I read once a thread on AVEN regarding how many people thought they would die alone due to their asexuality and how that might compare with allosexuals asking the same connection. The results were really depressing, and if you look at it from a logical point of view, or even at the statistical numbers, it’s pretty depressing and bleak. Why else do you think aces would seek comfort and try to “compromise” with allosexuals in order to be at the table for dating or relationships. The thought of sticking to the ace community in itself, and dealing with geographical limitations due to low-percentages of the community, is enough to send someone into instant depression and feelings of helplessness.

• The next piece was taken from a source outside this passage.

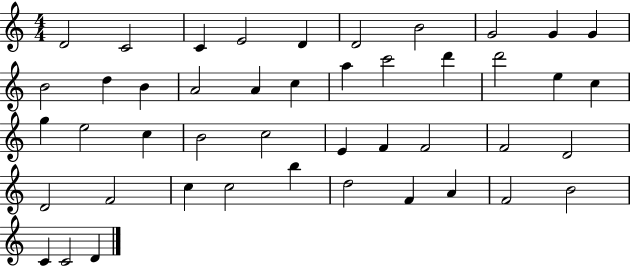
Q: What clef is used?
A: treble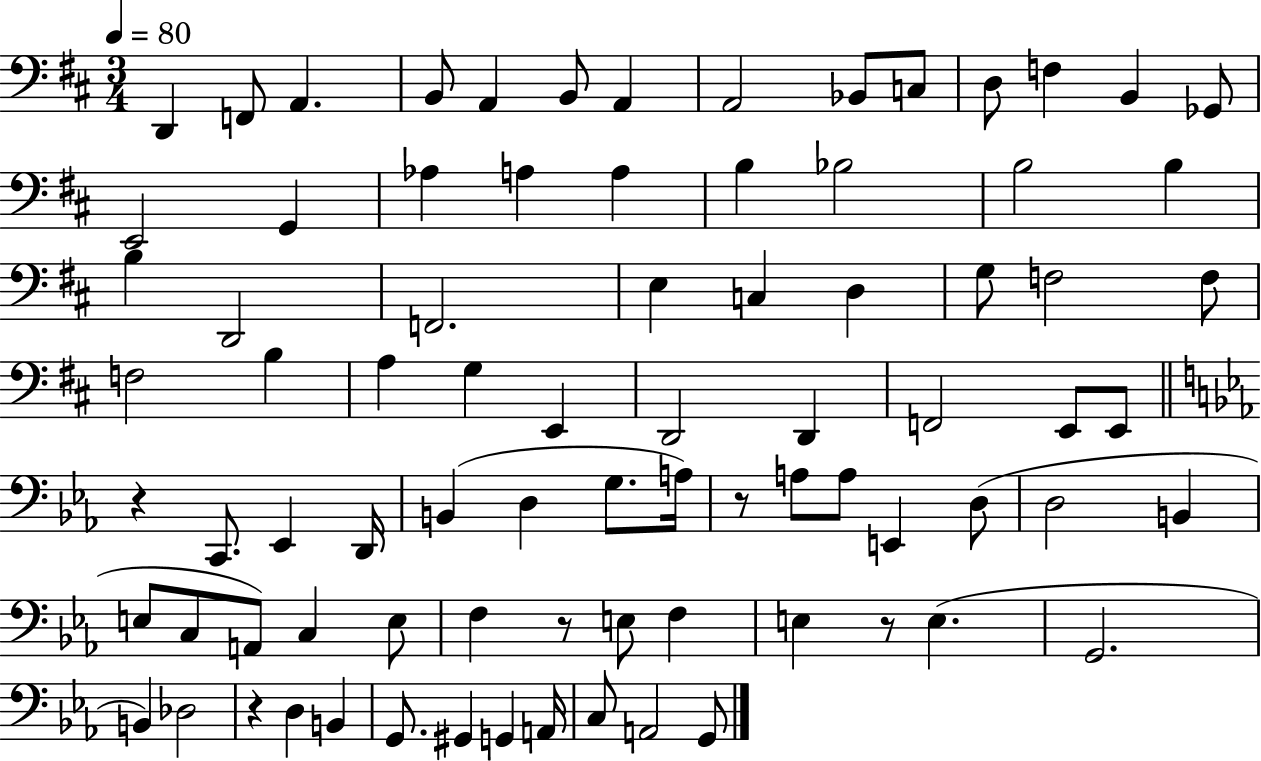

Just like there is stigma for other sexual orientations, asexuals suffer from the same results of coming out as LGBT individuals. Though, when you think about it, in theory there should be less hate coming from religious beliefs, but since it’s a fairly new concept most classical religions wouldn’t have any thoughts or perspective on it and it would depending on spiritual leaders to set by example.
While this might not be a major concern of the ace community, it’s pretty well-connected with social and mental health. While ace people are at risk of mental illnesses, they tend to be able to exist in harmony with societies, mostly because they aren’t rubbing against the core values of them. Unless there is financial circumstances, asexuals would normally have access to shelter, food, and most normal amenities.
This one is a bit difficult for me to navigate because I’m agnostic in terms of religion, but I guess that in terms of other types of spiritual beliefs such as ethics and morals, those tie in with physical and emotional needs. Asexuals might have strong morals and ethics, or loose ones depending on the individual, but my feeling is that they might need to be a bit more flexible with them when navigating dating or relationships.
Asexuals beliefs about their own asexuality are as strong convictions of those of religious individuals, mostly because they are more deeply personal and are related to facts of what they are, versus abstract ideas of what they believe in. Religion is a choice, where being asexual isn’t, so it’s tough to argue against someone who self-identifies about someone, when really nobody has a better understanding of other people, unless you’re psychic or clairvoyant or something.
For further research, the website Asexual Explorations keeps a detailed bibliography of academic asexual research that is worth investigating if you’re interested.